A, N and I decided to go for a run today. We took the lakeside route, it's a road that hugs the curve of the lake, offering perspectives at every angle. I find it calming to see such an expanse of emptiness, it's a rare sight in Mumbai. Sunset is the best time to go, it's really quite glorious then, what with the sun leaving a bright orange trail, as if marking the spot where it is to return tomorrow.
There are a set of steps leading down to the lakeside and it was when we saw them that it occurred to us, that it would be good exercise to run up and down them. So we did twenty sets, giggling and panting all the way, and we quite missed the sunset.

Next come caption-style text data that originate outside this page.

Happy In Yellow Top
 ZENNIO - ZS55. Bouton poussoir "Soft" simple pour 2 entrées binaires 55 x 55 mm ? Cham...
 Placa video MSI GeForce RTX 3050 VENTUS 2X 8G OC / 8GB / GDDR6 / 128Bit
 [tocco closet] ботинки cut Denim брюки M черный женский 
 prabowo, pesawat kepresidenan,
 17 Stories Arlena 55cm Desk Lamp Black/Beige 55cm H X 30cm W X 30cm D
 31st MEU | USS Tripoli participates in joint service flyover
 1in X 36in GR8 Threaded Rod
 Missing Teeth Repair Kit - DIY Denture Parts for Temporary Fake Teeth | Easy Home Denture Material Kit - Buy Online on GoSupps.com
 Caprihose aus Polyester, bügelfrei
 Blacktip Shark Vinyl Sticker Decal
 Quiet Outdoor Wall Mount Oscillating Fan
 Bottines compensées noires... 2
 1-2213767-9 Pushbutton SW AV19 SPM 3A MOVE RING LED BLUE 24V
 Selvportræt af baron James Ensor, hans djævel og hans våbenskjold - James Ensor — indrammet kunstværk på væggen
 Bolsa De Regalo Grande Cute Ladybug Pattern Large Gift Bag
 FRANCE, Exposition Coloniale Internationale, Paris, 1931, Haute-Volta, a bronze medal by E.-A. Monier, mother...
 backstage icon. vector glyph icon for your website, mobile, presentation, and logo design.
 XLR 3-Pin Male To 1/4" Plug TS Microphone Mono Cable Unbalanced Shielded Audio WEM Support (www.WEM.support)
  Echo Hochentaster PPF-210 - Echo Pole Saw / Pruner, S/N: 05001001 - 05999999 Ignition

Thursday, February 11, 2010

Ice cream at midnight

Today we had a PAF meeting. I've said this before, PAF time is my favourite time of the year. And I can feel it all over again, the same excitement from years before. The meeting was all the way across the campus, in H13, but it didn't seem to matter. I had excellent company and was almost sorry when we reached our destination. After the meeting, K and I snuck out, leaving the juniors to negotiate who was giving whom a treat. We stopped at the ice cream parlour on our way back though, for a little treat. It was fun licking our cones, in the chilly night air.

Another Day

Yesterday was good to me Reader, one of those days when you go to bed tired. I have very few of those in fifth year, come to think of it and it's not a good thing. It was a normal sort of day, I didn't do anything very much out of the ordinary and no particular moment stood out. It was one out of hundreds of other days, passed by and soon forgotten. But I must've done something right, because I went to bed not guilty or uneasy, but contentedly and I slept dreamlessly.

Tuesday, February 9, 2010

Windy day

The weather's been quite glorious today, Reader. I do love a windy day. I love watching as the wind churns up fallen leaves and sets them dancing madly, I love standing up to the wind, testing my strength against it and I love it when it whips away my words as soon as they're spoken, carrying them off. It's only on windy days that I wish my walk from the hostel to my department was longer, it seems almost a crime to go indoors and not emerge till it is dark and the wind has blown itself away.

Monday, February 8, 2010

February

I'm back, Reader. I think what I need is a routine. Every evening, 7 pm, post on blog. Something I can stick to. Otherwise I wander away from here and don't return for weeks on end.
It's February now and I don't quite know where the winter went. It seems like just yesterday that I was curling up in bed, pleasantly shivery, but now I already have my rickety fan on as fast as it can go. This is also the month I turn twenty two. Twenty two isn't a particularly significant age, I suppose. I firmly hold that all birthdays after twenty one are simply depressing. I look back on my year and wonder what on earth I've achieved. (I know I should've already done this on New Year's, Reader, but I was too busy partying then) I made a list over the weekend of things to do in the nine days left before I officially turn a year older. It's a rather scandalous list though, so I don't think I'll tell you about it here.
I do love though that my birthday comes in the spring. There's such an air of possibility around. I don't think anyone can be depressed for long in the spring. Why, just today, an adventurous squirrel clambered onto my windowsill and snatched away a hunk of bread almost from my fingers.
I'll spare you the long introspection today Reader, I still have nine days left to complete it. Wish me luck on my list!